Closer examination of twin embryos showed that they might share suspensor structures (Figure 4, C and D). We observed multiple suspensor abnormalities in transgenic plants, including additional divisions, changes in the orientation of cell division plane and cell expansion (Figure 4F), which, probably, can lead to the formation of secondary embryos.

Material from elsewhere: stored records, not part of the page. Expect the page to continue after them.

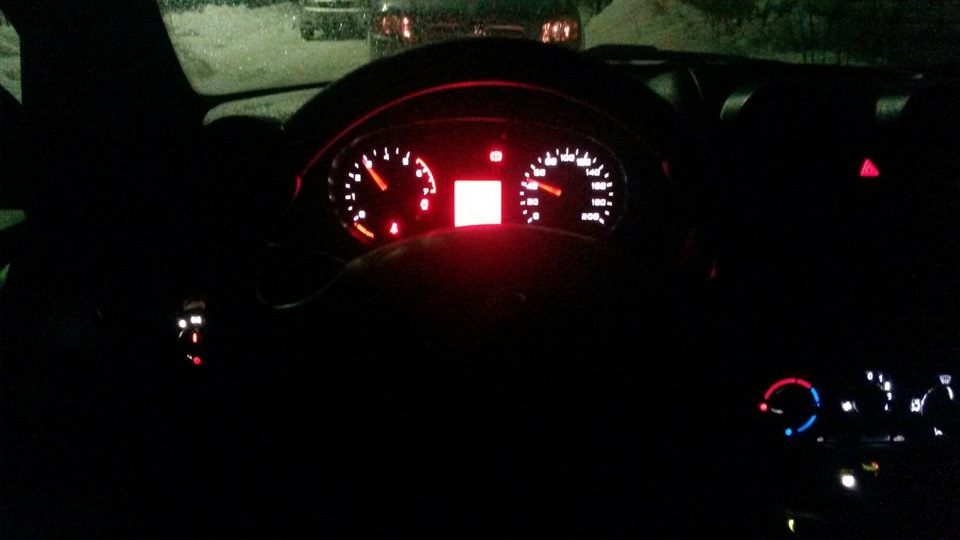 Пересвет приборной панели, часть 2 — Lada Гранта, 1,6 л, 2013 года ...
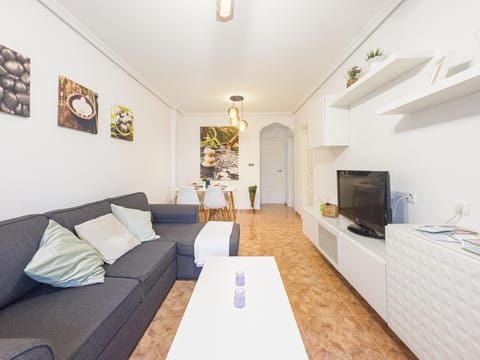 TV and multimedia, Living room, Seating area, Evening entertainment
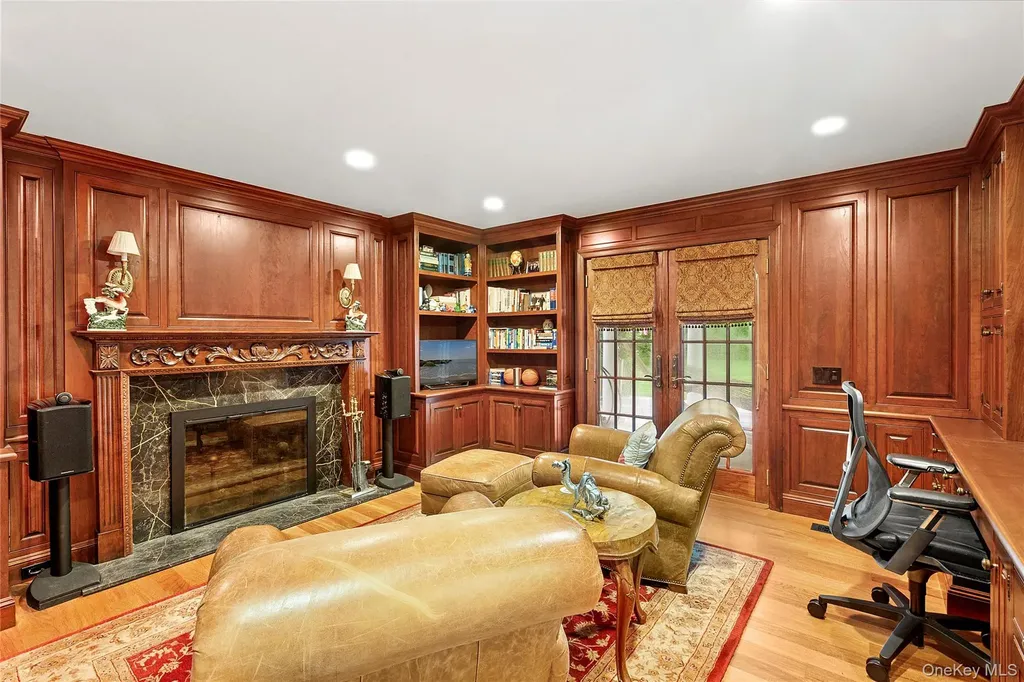 55 Cedar Lane W Remsenburg NY 11960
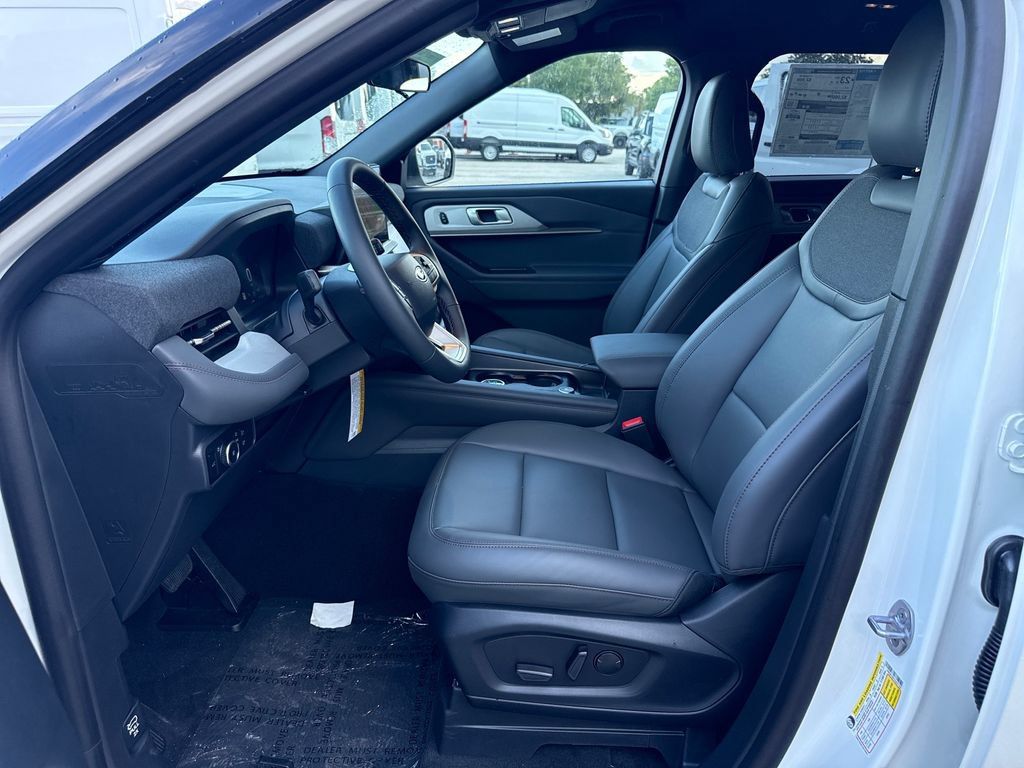 New 2027 Ford Explorer Active w/ Active Comfort Package RWD image 48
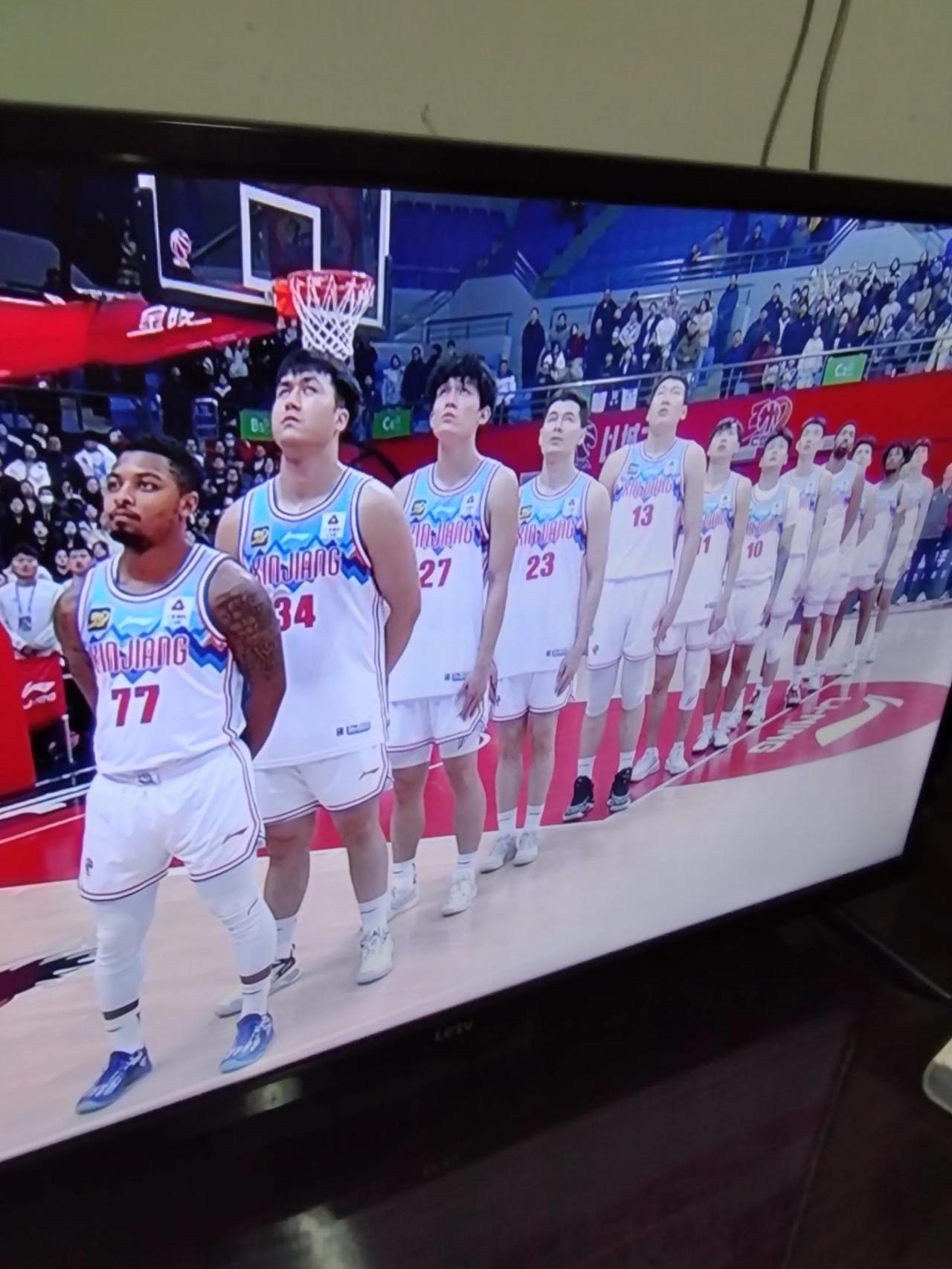 强队对决场面激烈，CBA比赛实力对决的简单介绍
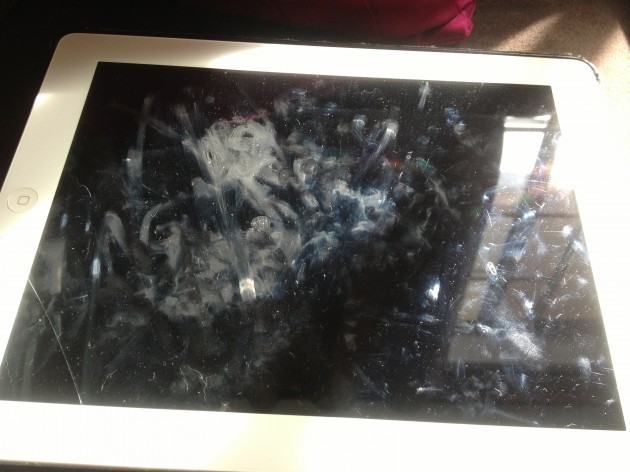 Reasons to not touch an iPad used by a toddler - Imgur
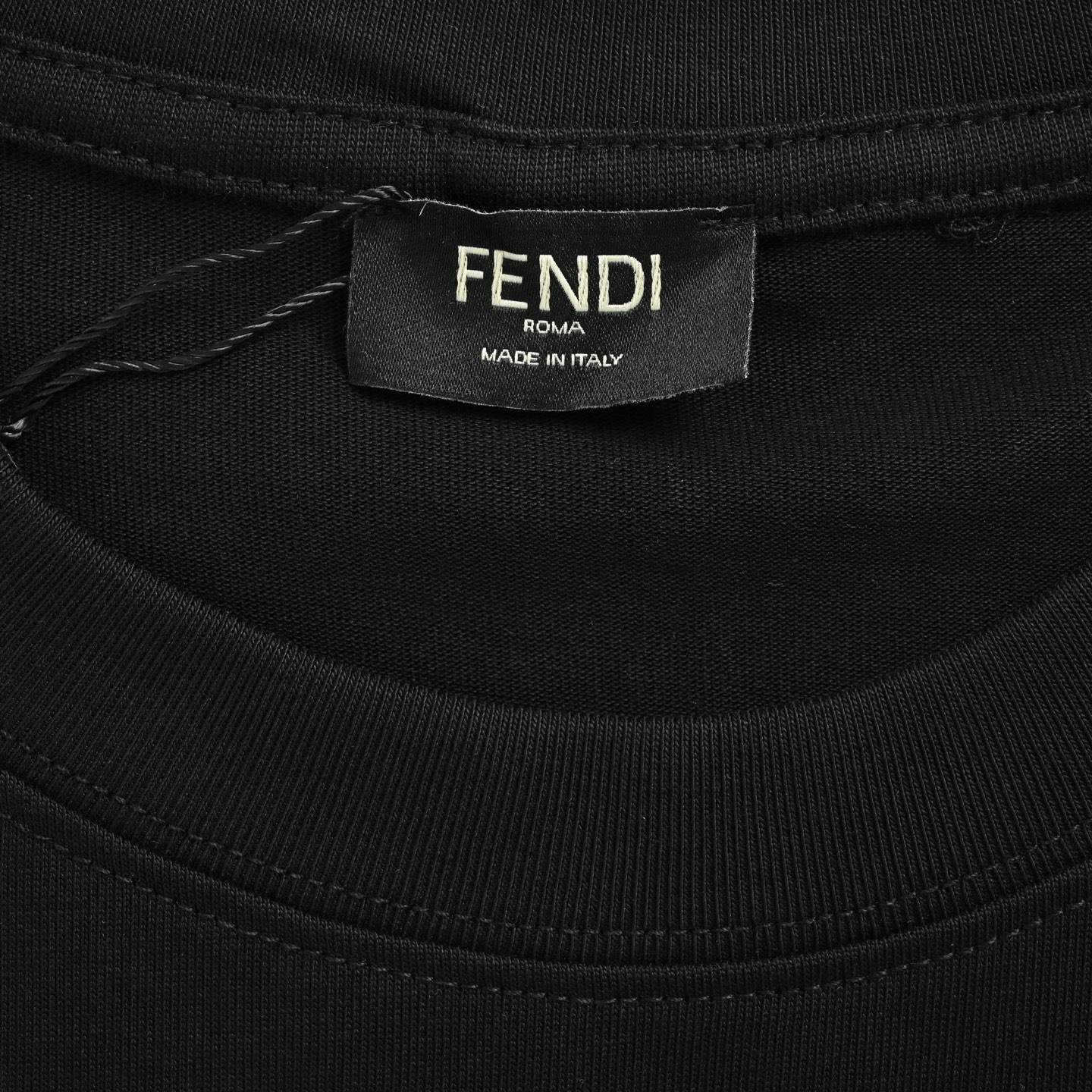 Fendi 芬迪 竹节纹刺绣双F logo短袖-Chinese UA Cheap High Quatity Brand Clothes Bags handbags Sneakers wholesale wholesaler seller from China Factory suppliers Fashion Clothing Shoes best Quality Beautiful Price Fendi 芬迪 竹节纹刺绣双F logo短袖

In addition, establishment of bilateral symmetry, when the wild-type embryo proceeds from globular to heart stage (Figure 4G), was impaired in some of the transgenic embryos (Figure 4H). Up to ∼10% of seeds contained “monocotyledonous” embryos (6.6% [10 of 151 seeds] in the weaker line, 7.9% [11 of 140 seeds], and 10.8% [16 of 148 seeds] in two stronger lines). Seedlings originating from such single-cotyledon embryos were also detected (Figure 4, J, M, and L).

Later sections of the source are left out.